Foreign businesses that have continued operating in Russia despite international sanctions and widespread condemnation are facing backlash in Poland as people increasingly boycott the brands.
Store sales at such brands in Poland have declined, according to the country’s Prime Minister Mateusz Morawiecki, citing government data. “It shows that ordinary people, more than corporations, understand that current times are exceptional,” Morawiecki said
to reporters on March 24. “Decency requires taking actions that trigger losses.”
Though the Polish prime minister did not state which specific brands have been affected, French businesses like Leroy Merlin, a home improvement chain, and Auchan, a grocery chain, have both been facing boycott campaigns against them.
Local entities have also taken action against some of the brands. Polskie Radio, a state-backed broadcaster, has stopped airing Leroy Merlin’s commercials. Poland’s biggest private television network TVN is suspending a sponsorship agreement it had with the French company.
Leroy Merlin shut down the six stores it operated in Ukraine after the war began. However, its 112 stores in Russia continue to operate and the company has not indicated any plans to shut them down. Leroy Merlin’s outlet in the Retroville mall in Kyiv recently suffered damage after the mall was bombed by Russia.
The company’s Ukrainian workers had signed a petition in February, asking for withdrawal from Russia. The brand eventually crippled communication within its Ukrainian unit by cutting off employees’ internal Gmail accounts, according to The New York Times
Ukrainian Prime Minister Volodymyr Zelenskyy asked
French companies like Leroy Merlin, Auchan, Renault, etc. to leave the Russian market and stop being “sponsors of the Russian war machine” in his speech at the French National Assembly on March 23.
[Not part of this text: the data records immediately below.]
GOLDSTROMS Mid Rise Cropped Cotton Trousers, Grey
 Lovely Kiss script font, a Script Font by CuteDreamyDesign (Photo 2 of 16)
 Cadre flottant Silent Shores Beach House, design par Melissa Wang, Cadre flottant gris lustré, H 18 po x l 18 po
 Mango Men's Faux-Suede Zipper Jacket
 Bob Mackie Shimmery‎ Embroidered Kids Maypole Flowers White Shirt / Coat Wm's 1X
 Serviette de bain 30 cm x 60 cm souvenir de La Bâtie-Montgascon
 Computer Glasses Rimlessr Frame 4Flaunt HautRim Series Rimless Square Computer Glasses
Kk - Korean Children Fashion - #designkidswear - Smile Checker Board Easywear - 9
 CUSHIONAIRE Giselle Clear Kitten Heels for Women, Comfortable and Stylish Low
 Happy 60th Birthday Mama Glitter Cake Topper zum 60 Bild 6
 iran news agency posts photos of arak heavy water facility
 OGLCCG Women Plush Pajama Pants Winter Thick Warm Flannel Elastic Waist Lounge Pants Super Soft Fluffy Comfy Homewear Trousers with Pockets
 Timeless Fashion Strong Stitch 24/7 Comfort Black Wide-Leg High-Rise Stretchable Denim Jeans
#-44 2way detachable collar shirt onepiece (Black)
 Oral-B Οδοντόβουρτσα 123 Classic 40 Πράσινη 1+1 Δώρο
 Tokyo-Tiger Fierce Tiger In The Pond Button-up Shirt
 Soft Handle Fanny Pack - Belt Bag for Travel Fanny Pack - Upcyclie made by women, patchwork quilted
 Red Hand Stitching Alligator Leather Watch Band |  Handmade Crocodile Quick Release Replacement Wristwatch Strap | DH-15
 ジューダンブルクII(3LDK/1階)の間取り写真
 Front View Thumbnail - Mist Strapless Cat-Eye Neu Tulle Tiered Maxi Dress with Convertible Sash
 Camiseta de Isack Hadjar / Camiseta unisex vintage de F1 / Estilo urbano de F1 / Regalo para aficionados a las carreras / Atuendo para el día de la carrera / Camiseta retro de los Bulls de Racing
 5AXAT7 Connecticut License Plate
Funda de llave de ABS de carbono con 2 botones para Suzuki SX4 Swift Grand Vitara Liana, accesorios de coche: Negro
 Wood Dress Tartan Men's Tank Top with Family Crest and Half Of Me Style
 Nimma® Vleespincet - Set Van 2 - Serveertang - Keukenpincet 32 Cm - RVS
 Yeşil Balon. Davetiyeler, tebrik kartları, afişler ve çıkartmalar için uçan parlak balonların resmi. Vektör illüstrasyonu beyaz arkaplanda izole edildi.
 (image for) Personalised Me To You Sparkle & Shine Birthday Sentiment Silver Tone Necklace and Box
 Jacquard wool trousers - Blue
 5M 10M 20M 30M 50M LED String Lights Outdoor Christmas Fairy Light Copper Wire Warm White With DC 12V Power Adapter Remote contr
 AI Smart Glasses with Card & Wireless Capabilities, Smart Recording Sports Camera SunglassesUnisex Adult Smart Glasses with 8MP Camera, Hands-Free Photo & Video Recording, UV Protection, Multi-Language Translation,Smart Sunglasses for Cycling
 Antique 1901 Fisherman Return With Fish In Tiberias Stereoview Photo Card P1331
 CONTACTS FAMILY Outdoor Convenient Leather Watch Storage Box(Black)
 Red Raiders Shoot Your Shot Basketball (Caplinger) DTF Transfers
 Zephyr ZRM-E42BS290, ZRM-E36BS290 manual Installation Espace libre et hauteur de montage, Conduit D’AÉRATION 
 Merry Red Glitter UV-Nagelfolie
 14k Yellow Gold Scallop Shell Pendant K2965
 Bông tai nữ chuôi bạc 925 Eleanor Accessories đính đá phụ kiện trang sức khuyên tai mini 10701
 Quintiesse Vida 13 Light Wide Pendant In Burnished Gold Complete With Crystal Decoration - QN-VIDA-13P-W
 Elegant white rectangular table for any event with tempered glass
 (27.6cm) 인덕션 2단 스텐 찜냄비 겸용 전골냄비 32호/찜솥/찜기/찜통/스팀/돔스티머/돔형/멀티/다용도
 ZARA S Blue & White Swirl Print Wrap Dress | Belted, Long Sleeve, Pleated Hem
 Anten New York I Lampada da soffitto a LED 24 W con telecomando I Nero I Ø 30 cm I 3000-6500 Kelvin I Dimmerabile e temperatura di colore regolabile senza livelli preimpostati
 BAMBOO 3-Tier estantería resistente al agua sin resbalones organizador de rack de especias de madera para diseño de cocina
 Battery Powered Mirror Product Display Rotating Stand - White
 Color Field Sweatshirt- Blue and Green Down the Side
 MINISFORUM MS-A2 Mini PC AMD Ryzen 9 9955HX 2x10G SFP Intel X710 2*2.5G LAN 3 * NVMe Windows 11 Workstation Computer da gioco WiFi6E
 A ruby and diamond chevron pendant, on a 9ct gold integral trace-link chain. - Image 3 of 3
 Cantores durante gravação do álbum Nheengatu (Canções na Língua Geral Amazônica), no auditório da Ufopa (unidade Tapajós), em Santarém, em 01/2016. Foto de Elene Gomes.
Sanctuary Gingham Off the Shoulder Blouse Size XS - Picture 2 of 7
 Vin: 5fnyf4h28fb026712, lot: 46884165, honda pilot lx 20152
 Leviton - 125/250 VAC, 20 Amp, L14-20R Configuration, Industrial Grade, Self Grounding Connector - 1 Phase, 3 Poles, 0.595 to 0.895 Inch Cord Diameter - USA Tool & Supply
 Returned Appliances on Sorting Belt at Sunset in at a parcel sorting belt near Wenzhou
Philippe Zimmermann, director general of Adeo, the parent company of Leroy Merlin, responded to the Ukrainian PM’s demands by stating that he was “hurt” by the comments. “This [kind of discourse] can endanger our employees,” he said
to local French newspaper La Voix du Nord.
Meanwhile, Russia is looking to countries like China, India, Turkey, and Iran to compensate for the loss of western retail companies. The Russian Council of Shopping Centers is negotiating with the four nations to decide on alternatives to Western brands.
“A list of foreign companies that have temporarily ceased operations in Russia was sent to them so that appropriate equivalents can be found,” the organization said
in a statement. “Over time this will help supplement or completely replace goods of the defunct brands with ones of a similar quality and design.”